Farmers in the Gulf Coast area of Alabama began adding insecticides to their fungicide sprays for some fields during the first half of August to slow the increase in soybean looper numbers.
Soybean looper larvae feed primarily on foliage. They will normally start feeding in the lower half of the plant canopy and move upward over time. Reed said scouts should try get their sweep nets into the lower half of the canopy if possible to get a more accurate estimate of soybean looper numbers. Soybean loopers are more difficult to dislodge from soybeans than other foliage feeding caterpillars.
“Early on, farmers will see leaves with a window pane effect,” Reed said. “The very small soybean looper larvae eat only the green portion of the leaf leaving behind the transparent cuticle layer.

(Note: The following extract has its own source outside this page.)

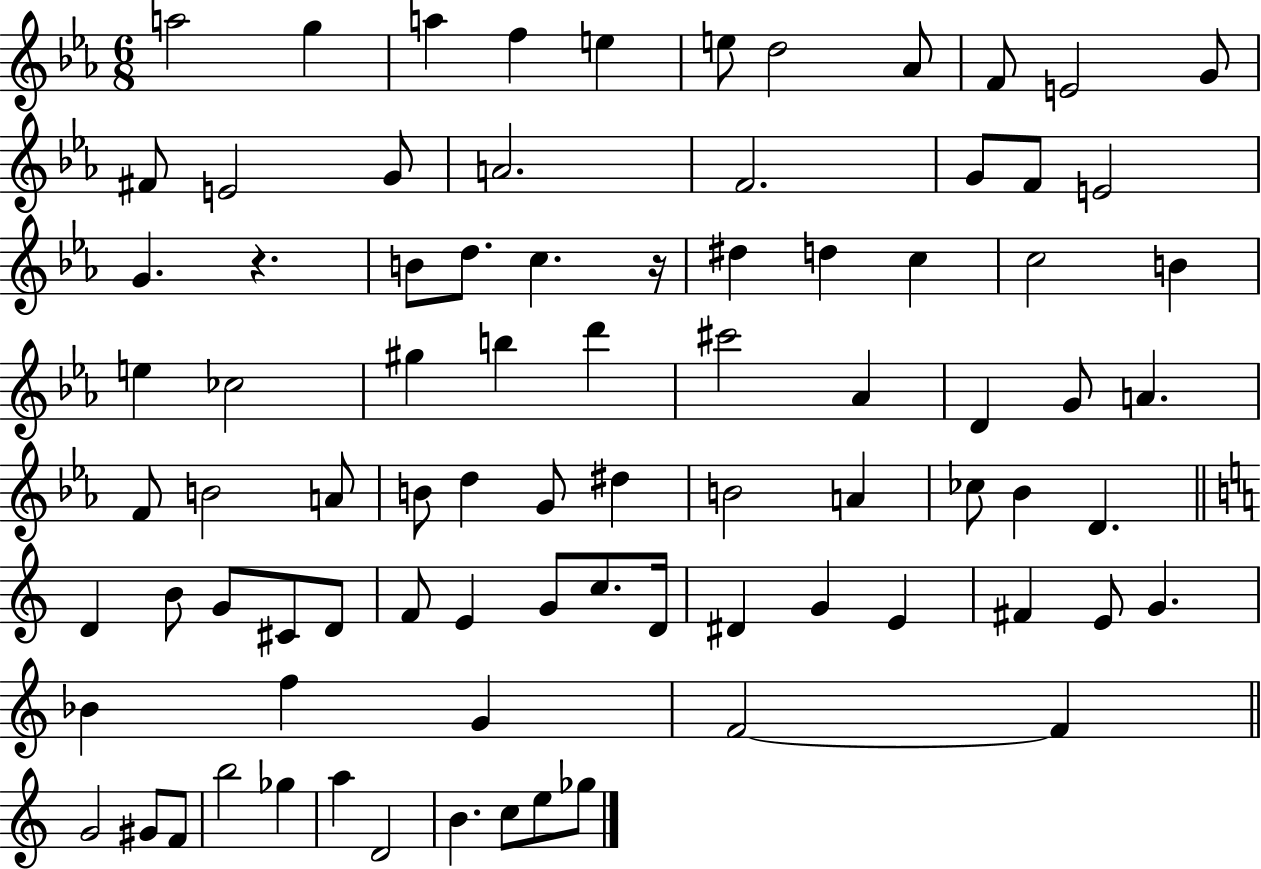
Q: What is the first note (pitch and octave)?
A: A5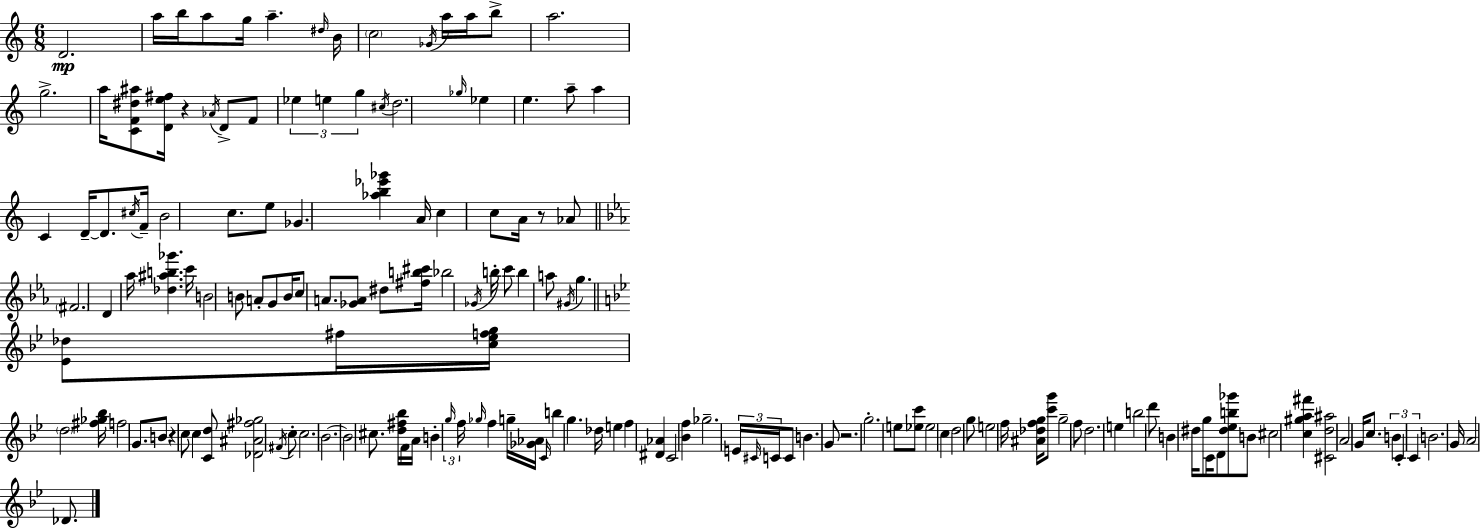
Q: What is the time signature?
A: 6/8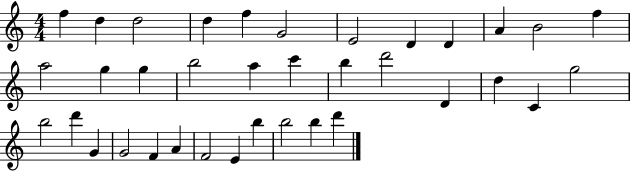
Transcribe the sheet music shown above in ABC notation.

As larvae mature, they become more aggressive feeders and once soybean loopers begin feeding on the upper canopy, they can soon consume more than 50 percent of the foliage when numbers are high.”
Soybean Looper Control
Smith said soybean loopers are the most expensive pest to control. While there is more than one option, there are a limited number of control options available for soybean loopers—ranging from less than $10 per acre to nearly $20 per acre. Intrepid, Intrepid Edge, Belt, Besiege, Prevathon and Steward are the only four products available to farmers for soybean looper control.